The Tea Master and the Detective by Aliette de Bodard
My rating: 3 of 5 stars
This novella (in a gorgeous Subterranean Press limited edition) is set in the author's Xuya Universe, a far-future space opera that features humans and sentient spaceships that dive into "deep spaces," traveling faster than light rather like sperm whales swimming the ocean depths. But those same deep spaces are mind- and body-twisting unrealities that can be fatal to humans, and severely traumatizing for one of our main characters, the mindship The Shadow's Child, a former troop transport that lost her crew and nearly died during a mission gone bad.
All this backstory is expertly woven into a tale the reader comes to realize is basically a far-future Sherlock Holmes mystery, with The Shadow's Child standing in for Watson and the other main character, the human woman Long Chau, assuming the role of the drug-addicted detective. (Quite openly so regarding the drugs, in fact--she has bots that live in her long-sleeved robes and inject her as needed.) Long Chau seeks out The Shadow's Child to blend the personalized teas that allow humans to function in deep spaces, in preparation for taking a dive in search of a particular corpse.

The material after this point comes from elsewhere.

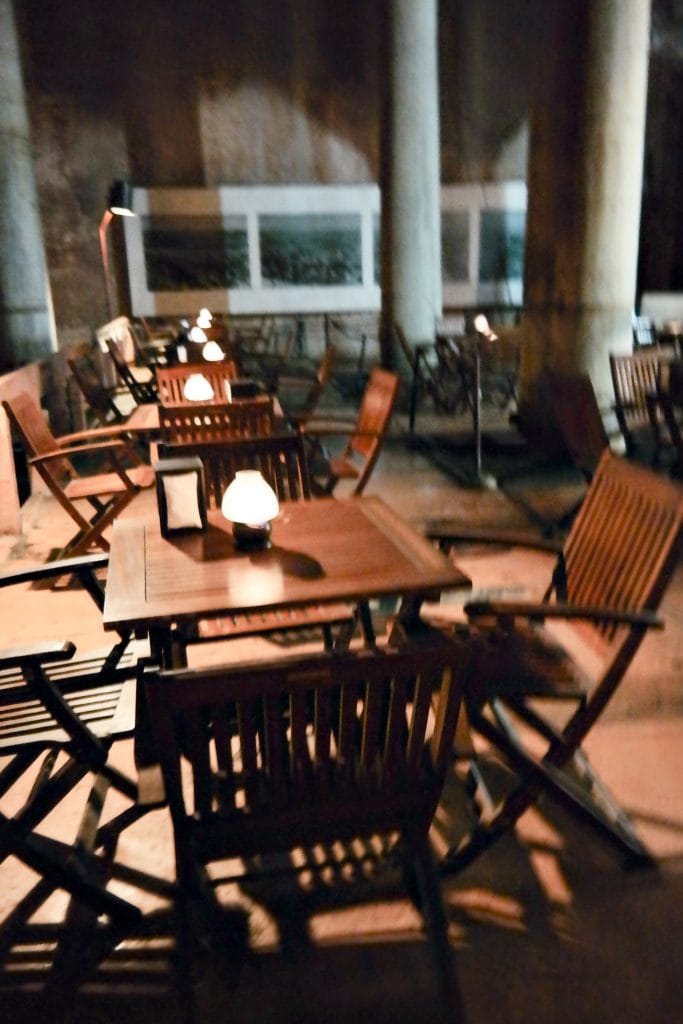 Cafeneaua din Basilica Cistern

The mystery is wrapped up neatly enough, but it's the two main characters that are the stars here. The Shadow's Child (grrr, that's annoying typing that out every time; I wish the author had given the shipmind a nickname of "Shadow" or something, but apparently that's a part of shipmind culture, to use their full long-winded names), works through some of the PTSD from her accident, and the abrasive, detatched, single-minded Long Chau makes a connection with someone she hesitantly calls a friend at the story's end. This book feels a bit slight, but I think that's primarily because it serves as a setup for the characters' further adventures. These two are more than interesting enough to return to, and I hope the author does so.